The reason gyms took off in the 80s was because jobs were becoming more sedentary and people getting less physically active since people were moving out of cities. Pumping Iron also made Gyms more commercial and thus more accessible to normal people
 
Exercise became popular in the 1980's due to Jazzercize, Richard Simmons, and Olivia Newton John.

Housewives were tired of being fat. Dudes at desk jobs were tired of being fat. People wanted to get back into shape.

Another thing was simple.

The 80's was when the Boomers finally realized they weren't going to be young and attractive forever and they might have to actually put work into it. The huge fitness craze was in response to realizing they were getting old and fat, just like the parents they despised, so they ran out to feel young and sexy again.

Then you had the movie stars of the 80's. Physically fit, damn near impossible bodies. Everyone wanted to be like them.
 
TIME has been going down the shitter for years. Not even owned by the TIME-LIFE company anymore. Wouldn't wipe my ass on TIME now.

OP makes one valid point - way back when, to be fat was indeed a sign you could afford plenty to eat. This was also true in Korea when i was there, many years ago. You rarely saw a fat Korean, just like you rarely saw a Korean who owned their own car.
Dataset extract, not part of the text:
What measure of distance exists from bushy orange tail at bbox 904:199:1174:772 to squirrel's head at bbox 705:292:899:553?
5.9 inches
As time went by and things improved economically, saw more fat Koreans and more who owned cars. Same thing for China.

Otherwise, may the horse be with her, all three holes.
 
Look, for as blackpilled and politispergy as I am, I'm not fully on board the "everything wrong with society is because of Jews" train. But how do people not start to thunk when you have an article that is literally a Jew telling the goyim to stay out of shape because being healthy is white supremacy? How does the average person not have at least one activated almond?
Most people don't read an article like this and pay any attention to the author or who it's about. Even if they do they think "white" not "jew." So this is some white woman interviewing a white woman talking about fitness being overrated and in line with white supremacy which is exactly what the point of the article is, aside from book shilling.
This is where "redpill" is genuinely relevant, once you start to notice you can't stop noticing it.
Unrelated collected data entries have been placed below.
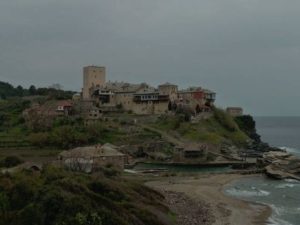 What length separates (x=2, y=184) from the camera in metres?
38.2

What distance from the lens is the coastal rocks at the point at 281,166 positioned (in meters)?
69.7

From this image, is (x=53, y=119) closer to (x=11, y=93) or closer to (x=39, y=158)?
Answer: (x=39, y=158)

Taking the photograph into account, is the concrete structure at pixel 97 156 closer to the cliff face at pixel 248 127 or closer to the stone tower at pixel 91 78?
the stone tower at pixel 91 78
Then you get people like @JosephStalin who will probably never acknowledge the reality that a lot of jews in media are overtly racist against whites no matter how many times it's been made apparent.
 
We all know one way to fight White Supremacists is by getting fat, but did you know you can also fight "The Man" by taking naps and not working? Join the Nap Ministry today!
Untitled.png
 
I went to her website and immediately I see:
1672354015031.png

yeesh, what a narcissist

Archive Today has captures as far back as 2017, indicating she's said some stupid shit in the past that led someone to archive her:

Scholar. Writer. Teacher. Activist.​


Natalia Mehlman Petrzela, Ph.D. is a historian of contemporary American politics and culture and is currently writing a book on American fitness culture. She is the author of Classroom Wars: Language, Sex, and the Making of Modern Political Culture (Oxford 2015), co-host of Past Present Podcast, a frequent media guest expert, speaker at universities and conferences, and contributor to national and local news outlets. Natalia is Associate Professor of History at The New School, a co-founder of wellness education program Healthclass 2.0 and a Premiere Leader of intenSati. She holds a B.A. from Columbia and a master’s and Ph.D. from Stanford and is based in New York City.
translation: uber rich girl in a big city doing a non-job daddy gave her to keep her occupied
 
She wanted to throw her puss at them like a hairy, Armenian facehugger. I think the clip is somewhere buried in the TYT thread.
I always find it amusing that a purportedly left wing media organization named itself after the Ottoman Empire's Armenian genocide crew, and they get upset when you point this out.

But then the same people will call you a Nazi when you point out that homosexual relationships don't produce children or whatever they're bitching about that day.

Also, LOL @ TYT for having a "pet Armenian" on stage to dance like a monkey and chirp about how the genocide totally didn't happen.